Wine is a way to run native Windows applications without Windows.
The
Wine project have been able to replicate the APIs required to run quite a number of applications under their environment.
It's one way you can run your legacy Windows applications under your Linux desktop.
I daily run Wine for a number of applications for business:
- Windows Lotus Notes for my office Email/Office Databases - it's not as crappy as the native Linux one then.

- Internet Explorer 6 for those pesky websites that refuse to run without IE (many customer client websites).
- Microsoft Office for some complicated files that get garbled by OpenOffice (but that number is decreasing with every release!)

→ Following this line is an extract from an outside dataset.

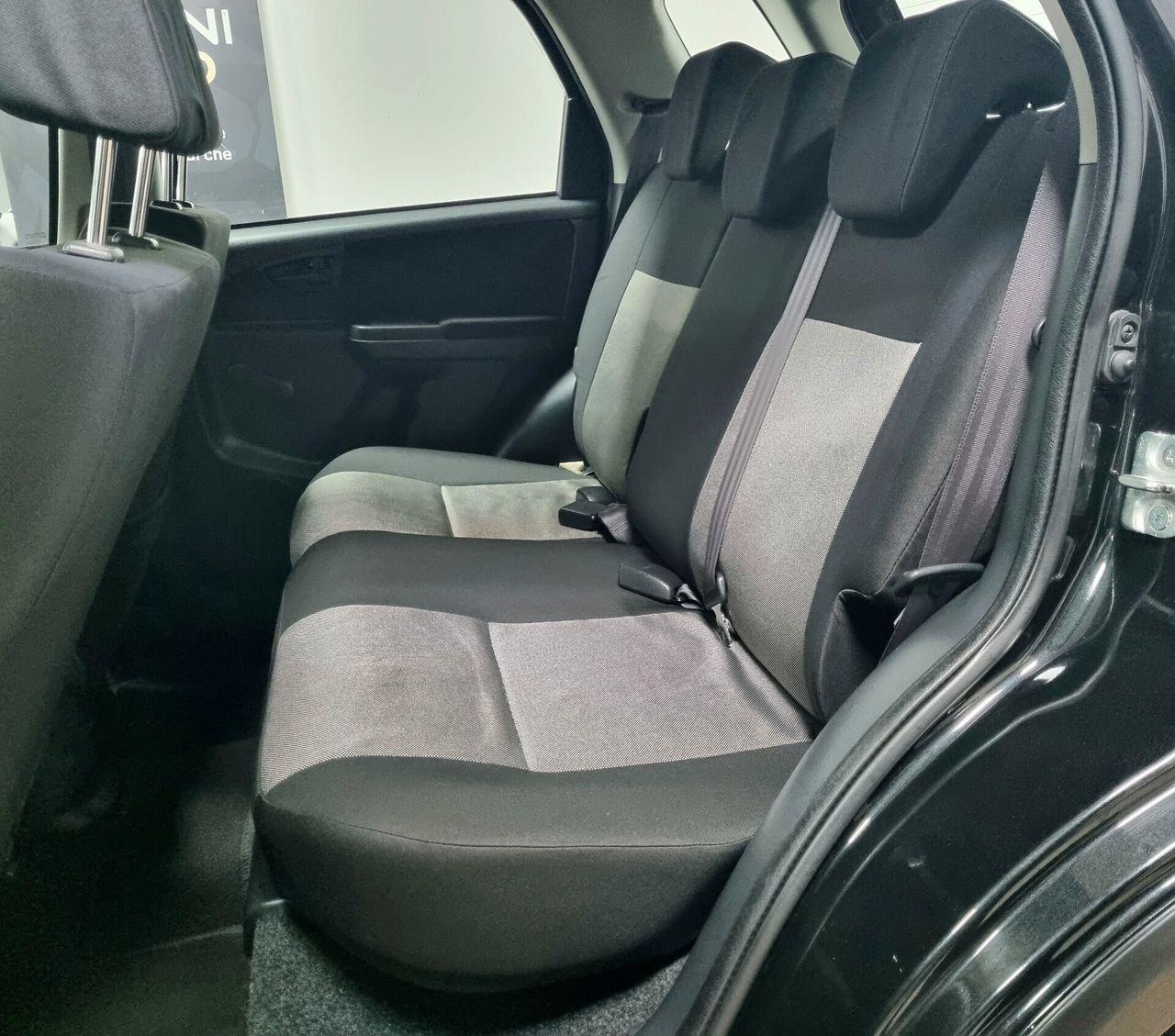 Fiat Sedici 2012 — photo 10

Other good news about Wine is that 1.0 is just about out the door. (Don't be fooled by the low number - these guys are perfectionists, and it's been a long, long running project!)
Here's the blurb off their website:
Friends, vintners, penguins, lend me your ears:
We come not to praise Windows, but to celebrate our increasing independence from it.

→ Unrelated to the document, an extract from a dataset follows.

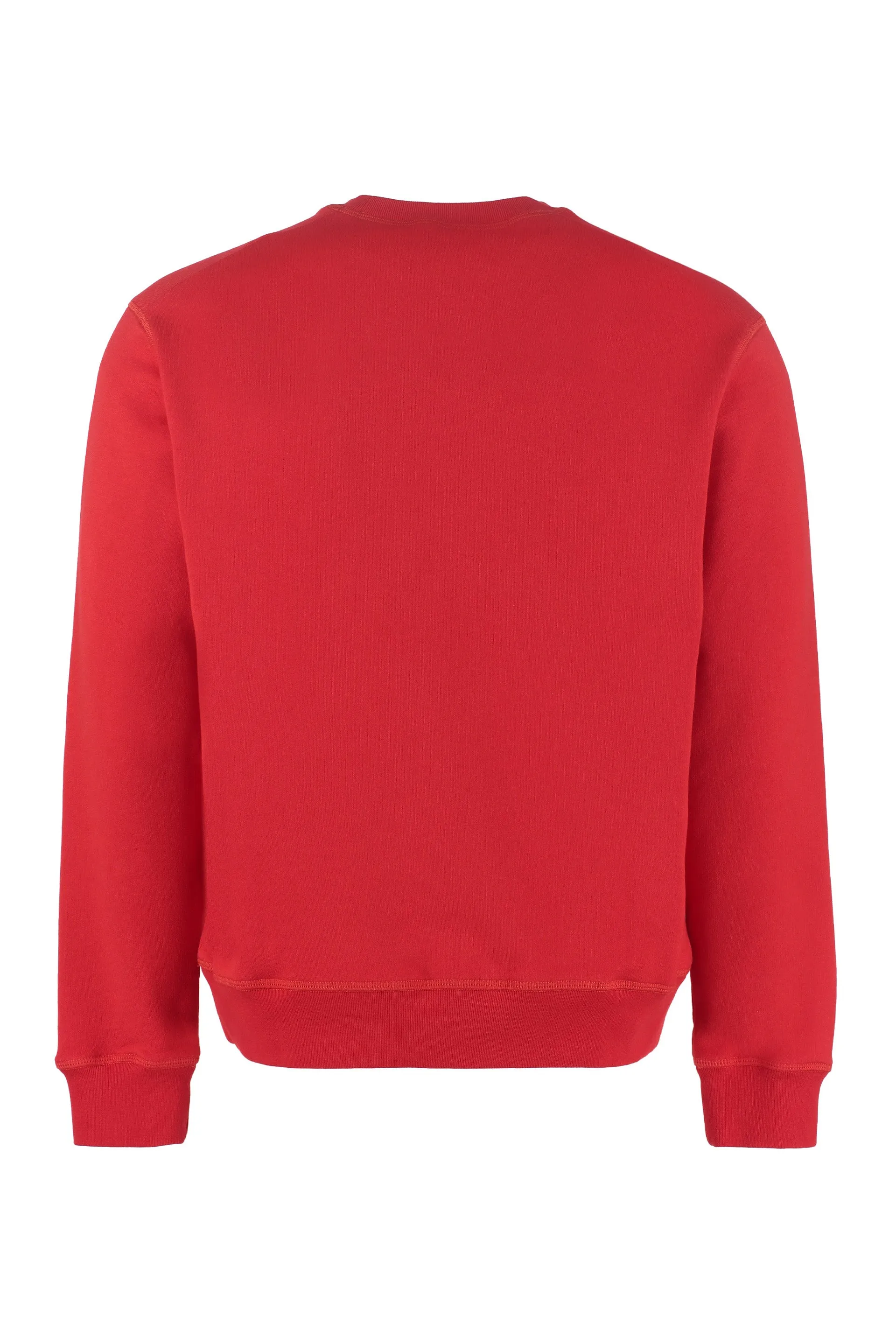 Dsquared2 Logo Print Crewneck Sweater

The final release candidate for Wine 1.0 will appear this Friday (13th), and barring catastrophe, Wine 1.0 itself will be released a few days later.
I recently blogged about
how hard it is for many small businesses to move off Windows. One way they can (particularly those that are on pre-Vista desktops and don't wish to go to Vista) is to utilise Wine for those legacy business Windows applications that need to run.
This way they can keep their functionality, but move to a more secure, less restrictive (licensing) operating system and a better and more richer computing experience in my opinion.
I recently attempted to see if I could run
MYOB under Wine. Currently Pauline is stuck on Windows, due to her requirement to run MYOB to do our company books. MYOB ran under Wine without a hitch.
Well... until I went to print. It went off to the dark printing gods and spat out an empty plain page -- no matter what I printed. And thus is the reason for this blog post.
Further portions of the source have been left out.